WHAT TO PRODUCE -> From the data underneath, reproduce exactly the stretch that begins at the line with "Diez claves para" and ends after the line with "Maatwerk, Bijzondere, Mooie".

TASK INPUT ->
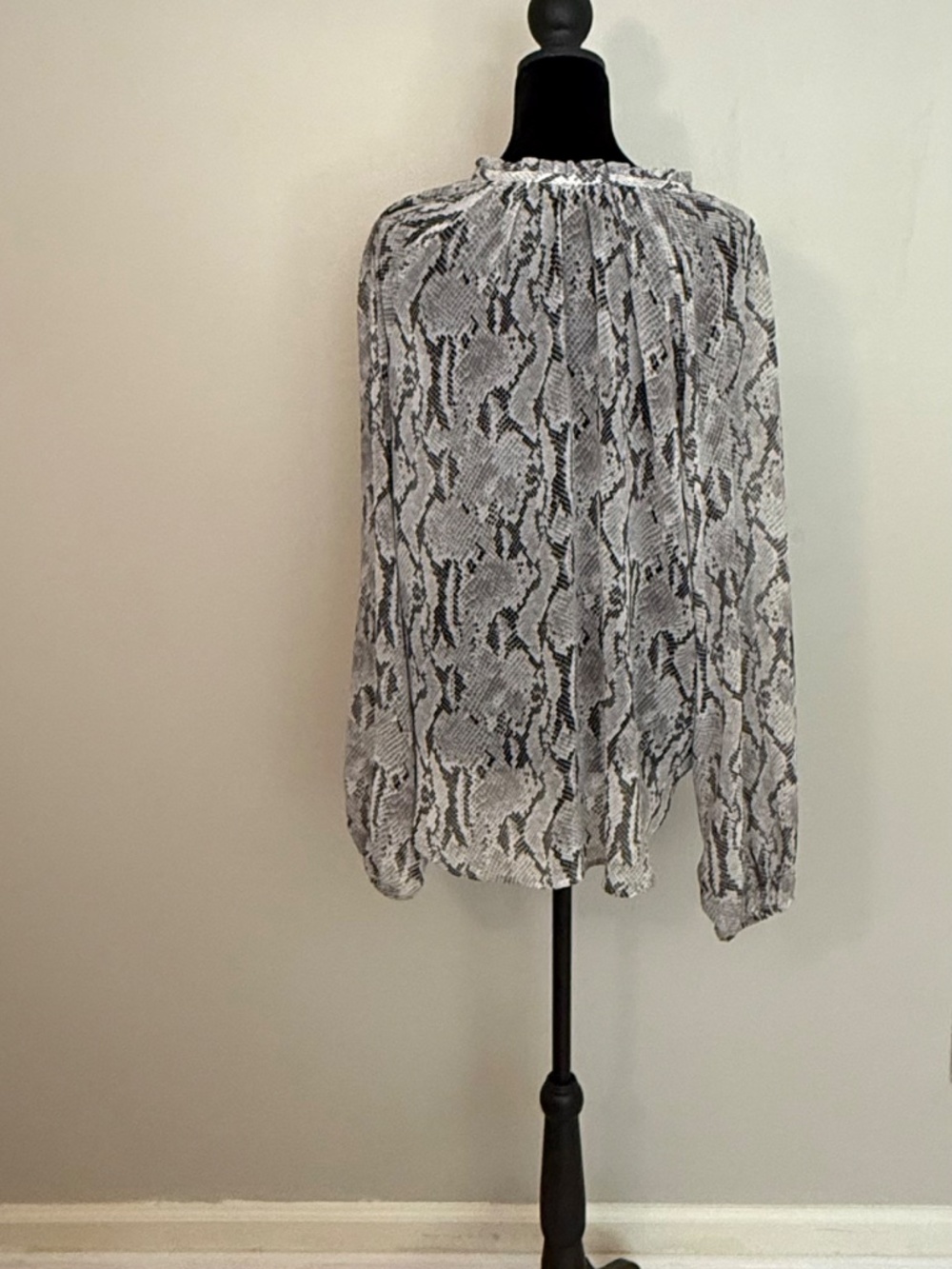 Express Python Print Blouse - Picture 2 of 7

---

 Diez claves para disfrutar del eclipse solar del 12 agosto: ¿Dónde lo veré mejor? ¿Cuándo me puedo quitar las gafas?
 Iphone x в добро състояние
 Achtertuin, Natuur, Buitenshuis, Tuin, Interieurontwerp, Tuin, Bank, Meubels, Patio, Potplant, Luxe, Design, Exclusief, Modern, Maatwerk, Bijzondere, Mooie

RESULT OF THIS EXERCISE ->
 Diez claves para disfrutar del eclipse solar del 12 agosto: ¿Dónde lo veré mejor? ¿Cuándo me puedo quitar las gafas?
 Iphone x в добро състояние
 Achtertuin, Natuur, Buitenshuis, Tuin, Interieurontwerp, Tuin, Bank, Meubels, Patio, Potplant, Luxe, Design, Exclusief, Modern, Maatwerk, Bijzondere, Mooie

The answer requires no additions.